The above framework partially acknowledges Russia's (as a country with an imperial past) perceptions of security issues and takes into account the historical background of the Russian-Ukrainian conflict. However, it does not accept Russia's strategic instrumentalization, military means and invasion. The war could have been avoided in the context of preventive diplomacy and balancing interests. This approach also includes the proposal for a neutral Ukraine that will not join NATO, operating as a "buffer state" between the West and Russia.

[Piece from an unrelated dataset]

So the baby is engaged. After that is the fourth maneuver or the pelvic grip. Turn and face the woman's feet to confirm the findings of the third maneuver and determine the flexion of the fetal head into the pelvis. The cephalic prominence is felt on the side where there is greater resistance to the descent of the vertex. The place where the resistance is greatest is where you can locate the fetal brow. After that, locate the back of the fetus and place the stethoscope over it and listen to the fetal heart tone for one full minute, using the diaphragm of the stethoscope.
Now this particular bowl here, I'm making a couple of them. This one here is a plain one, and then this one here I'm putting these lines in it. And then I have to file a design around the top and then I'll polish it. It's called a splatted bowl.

The criticism that was made focused on the fact that the current presidency, with its policy, essentially pushed out the Russian invasion, created strategic resistances to US hegemony (counter-alignments) by thwarting targets[29] from third countries (India, Turkey, Brazil, etc.) and forced its two major rivals (China and Russia) to unite[30]This union creates in Eurasia a single geopolitical entity (HyperAsia) with superpower characteristics.[31]With international stability fundamentally shaken, Henry Kissinger declared: "We are on the brink of war with Russia and China over issues that we have partly created, without any idea how it will end or where it is supposed to lead."[32]».

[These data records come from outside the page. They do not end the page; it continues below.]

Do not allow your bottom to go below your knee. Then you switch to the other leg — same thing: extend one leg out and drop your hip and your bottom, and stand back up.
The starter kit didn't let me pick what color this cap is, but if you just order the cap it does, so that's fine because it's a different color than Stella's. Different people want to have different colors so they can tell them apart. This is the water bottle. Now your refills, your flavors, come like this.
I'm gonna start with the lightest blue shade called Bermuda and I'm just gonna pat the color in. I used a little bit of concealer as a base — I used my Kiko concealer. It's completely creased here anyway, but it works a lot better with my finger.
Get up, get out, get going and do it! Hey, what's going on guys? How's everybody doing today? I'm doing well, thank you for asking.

The second view of the American decision-making system stems from the long-standing strategy of encircling Russia.[33] and avoiding the coupling of Western and Eastern Europe, preventing the possibility of creating a new Eurasian power. The consolidation of peace and the existence of a functional collective security system presuppose coexistence with Russia as a truly democratic and European “post-imperial” nation-state with some form of connection or even understanding with the transatlantic community. For moral reasons, the westernization of society, political modernization and progress in human rights constitute prerequisites for Russia to be an integral part of the geostrategic triad in Eurasia along with Europe and China. Zbigniew Brzezinski strongly supported this specific framework according to which the US should confront Moscow from a position of strength with a combination of incentives for cooperation and readiness for confrontation with it[34]. The change in China's status quo from strategic partner to competitor, as first publicly acknowledged by George O. Bush[35], defined a new stake: balancing China's rise. As a result, the doctrine of dual containment towards Russia and China became the central axis of American strategy in the new multipolar world that was emerging. This vision was implemented mainly through the enlargement of NATO to Russia's western borders under the presidencies of Bill Clinton and George O. Bush.

The consolidation of a renewed vengeful Russia and a revisionist China has exposed the limits of the functionality of the containment doctrine. Simultaneous competition with two rival powerful poles requires sustained resources and the channeling of significant forces: a combination of preventive wars, selective engagements, and offshore balancing.[36]The main threat is now China, and because the two-front struggle seems ineffective, Russia needs to shrink when international circumstances allow. This will happen by cutting Russia off from Europe and turning it towards China.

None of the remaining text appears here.